# Форум на русском языке  > Угрозы информационной безопасности  > Спам и мошенничество в сети  >  окончательно: Webmoney generator

## RiC

> Как это работает 
> 
> Принцип действия программы уникально прост. Дело в том, что для увеличения денежных средств на вашем WM кошельке вам не нужно больше воровать деньги у другого пользователя, достаточно воспользоваться программой WebMoney Generator и просто увеличивать ежедневно ваш капитал на сумму равную 100$. Данная программа создаёт виртуального (т.е. не существующего) отправителя, который отсылает вам эти деньги с автоматически сгенерированого WebMoney Generator кошелька...

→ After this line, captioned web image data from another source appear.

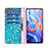 Leather Case Stands Fashionable Pattern Flip Cover Holder B05F for Xiaomi Poco M4 Pro 5G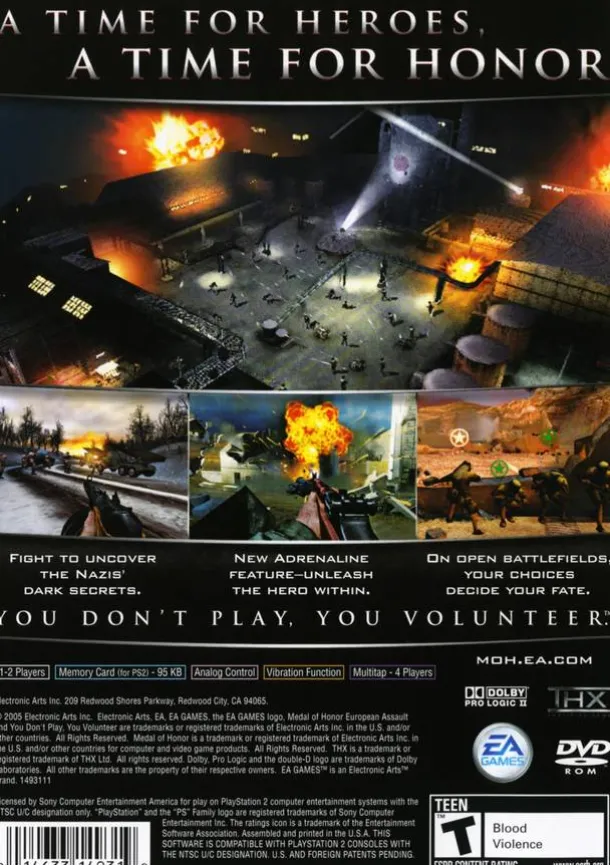 Medal of Honor European Assault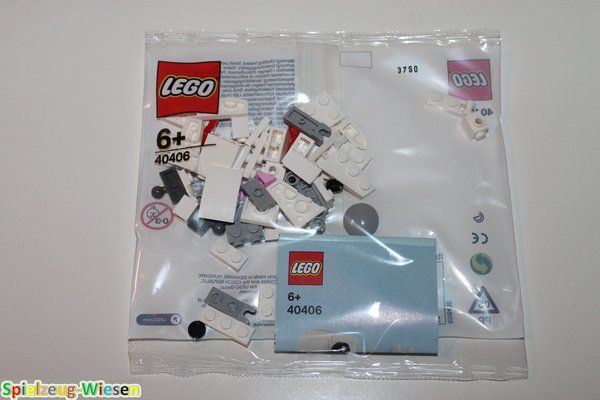 Lego 40406 - Sacchetto di plastica per la Giornata dei diritti umani Dove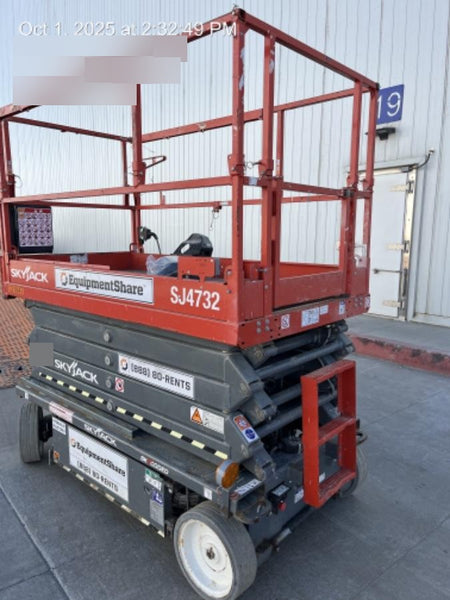 2021 SKYJACK SJ4732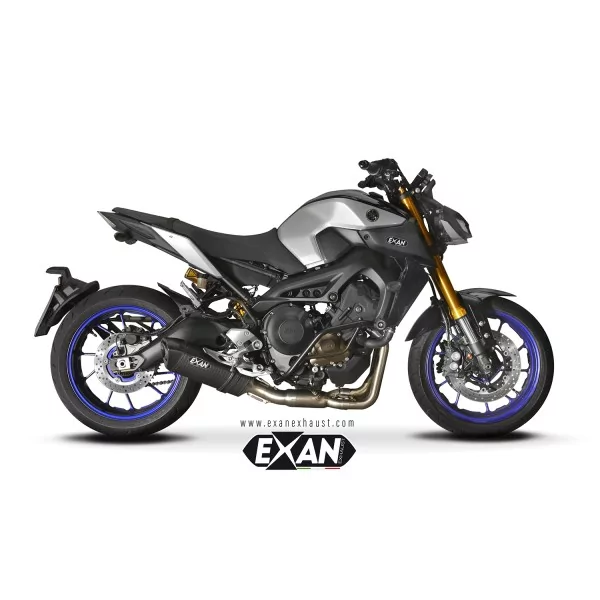 Exan Yamaha MT-09 Ovale&nbsp;X-Black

Распологается сие чудо здесь - h_tt_p://rtdkru.tripod.com продается за 50$ - лохотрон в чистом виде.

----------

Надоело быть жертвой? Стань профи по информационной безопасности, получай самую свежую информацию об угрозах и средствах защиты от ведущего российского аналитического центра Anti-Malware.ru:

----------


## Alex_Goodwin

> обнаружено: троянская программа Trojan-Spy.Win32.Webmoner.cj	Файл: C:\Documents and Settings\Alex_Goodwin\Рабочий стол\wmg9.rar/WebMoney Generator 9.0\WebMoney Generator 9.0.exe


 ---

----------


## mayas

больше всего вот это понравилось




> Вопрос: Зачем вам нужны деньги от продажи WMG если вы и так с помощью неё зарабатываете неплохие деньги?
> Ответ: С каждого заработанного с помощь программы доллара, 30 % поступает на наш кошелек, поэтому нам выгодно продавать программу.


 :Rofl:  :Rofl:  :Rofl:

----------


## sddsfdsf1d

Прога работает на все 100% до 100WMZ в день 
Программа стоит 50 WMZ 
Но это того стоит! Верить или не верить решать вам. 

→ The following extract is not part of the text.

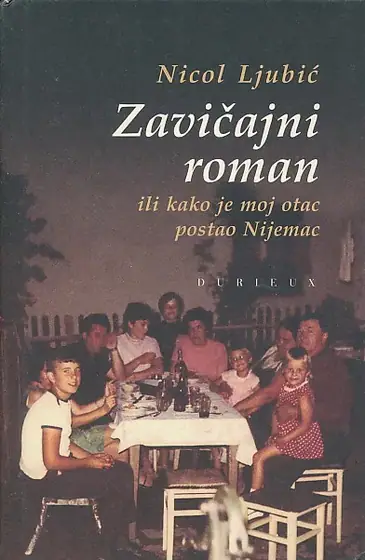 Naslovnica: Zavičajni roman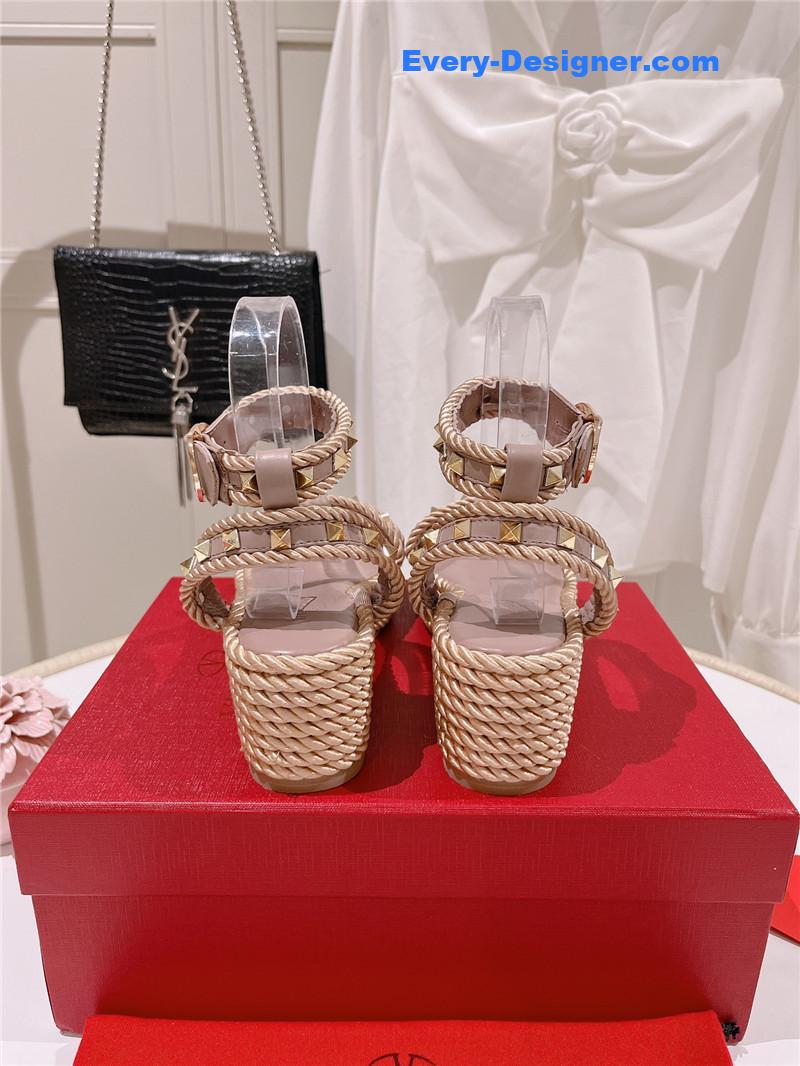 Va1e*ntin0 studded sandals for women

Но я знаю точно: что если человек в одно прекрасное время не поймет для себя, что он всю жизнь может остаться "подай и принеси"..... 
Ребят думайте головой. Все рально... 
Если вас обманывали - это не как не значит что вас везде обманут. 
Спасибо РТДК!

----------


## anton_dr

> Если вас обманывали - это не как не значит что вас везде обманут.

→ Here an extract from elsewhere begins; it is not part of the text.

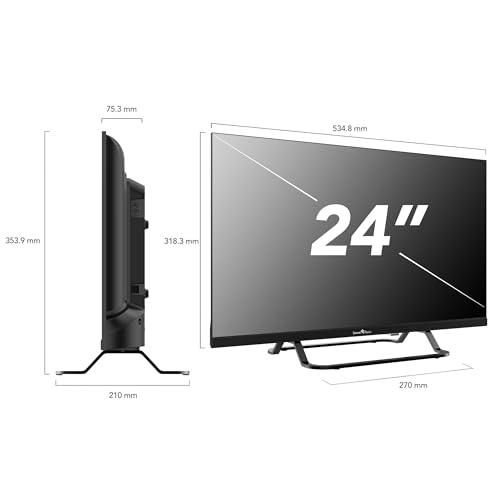 Smart Tech 24HN01VC TV LED 24" HD avec chargeur 12V - photo 3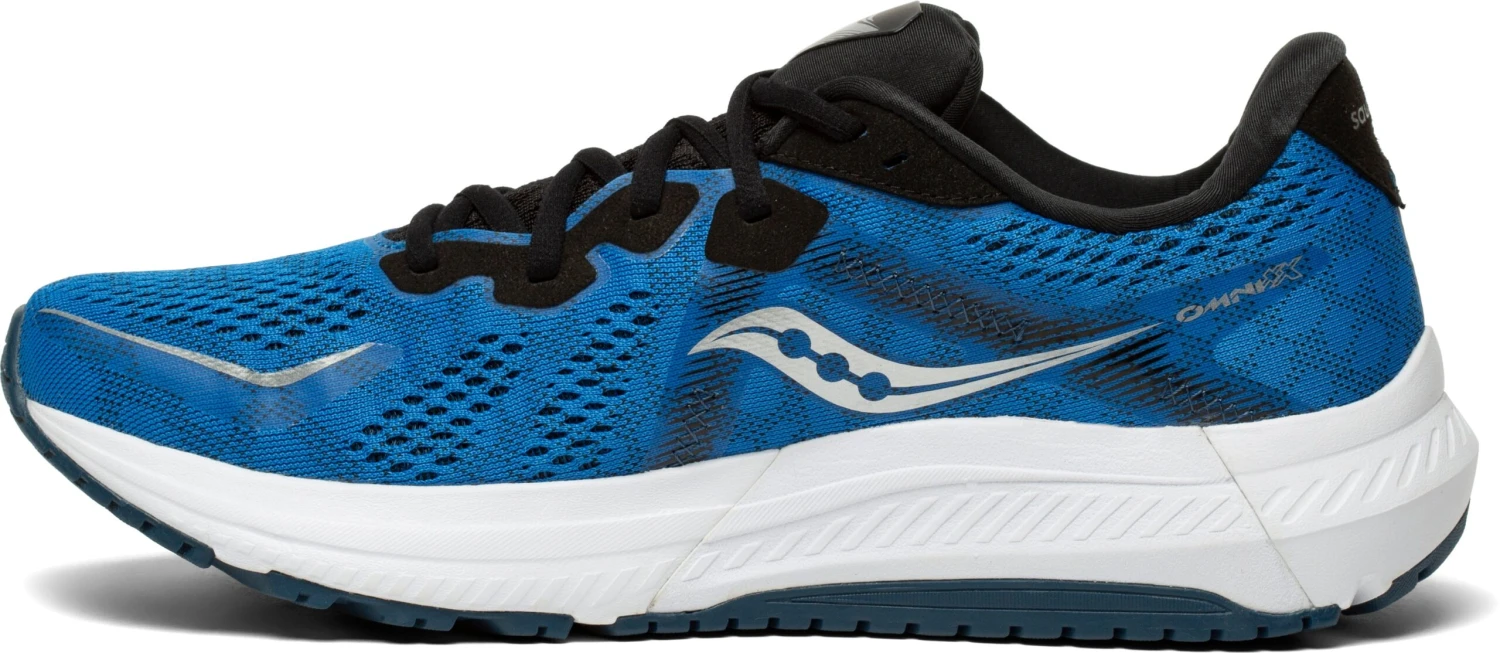 Saucony Men's Omni 20 (30 - Royal/Black) 4 Saucony Men's Omni 20 (30 - Royal/Black) - Image 2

Но это не тот случай. Там именно то место, где обманывают  :Smiley:

----------


## ВодкуГлыть

> Прога работает на все 100% до 100WMZ в день 
> Программа стоит 50 WMZ 
> Но это того стоит! Верить или не верить решать вам. 
> 
> Но я знаю точно: что если человек в одно прекрасное время не поймет для себя, что он всю жизнь может остаться "подай и принеси"..... 
> Ребят думайте головой. Все рально... 
> Если вас обманывали - это не как не значит что вас везде обманут. 
> Спасибо РТДК!


Деньги - как энергия или материя: если где-то прибудет, значит где-то должно убыть. Откуда же берутся эти "100WMZ" в день? :Wink:

----------


## Djassie

Берутся вот откуда....Скачивается "жертвой" эта прога, запускается, и вдруг на мониторе появляется окошко с текстом с таким смыслом "Перешлите на такой-то кошелек столько-то WMZ, и будет вам счастье, а если не перешлете, то через 2 часа автоматически удалятся все файлы с вашего компа.И не выключайте комп, а то программа удаления сработает автоматически". При этом через 2 часа удаляются ок.99% файлов с компа  :Cry:

----------


## Макcим

Сохранился экземпляр программы или ссылку откуда её скачали?

----------


## Djassie

Вообще ничего не сохранилось из истории.И браузер был удален вместе с остальными файлами.А в сети программа WebMoney Generator была представлена как "Программа, отправляющая SMS с вашего компьютера".

----------


## Макcим

> Вообще ничего не сохранилось из истории.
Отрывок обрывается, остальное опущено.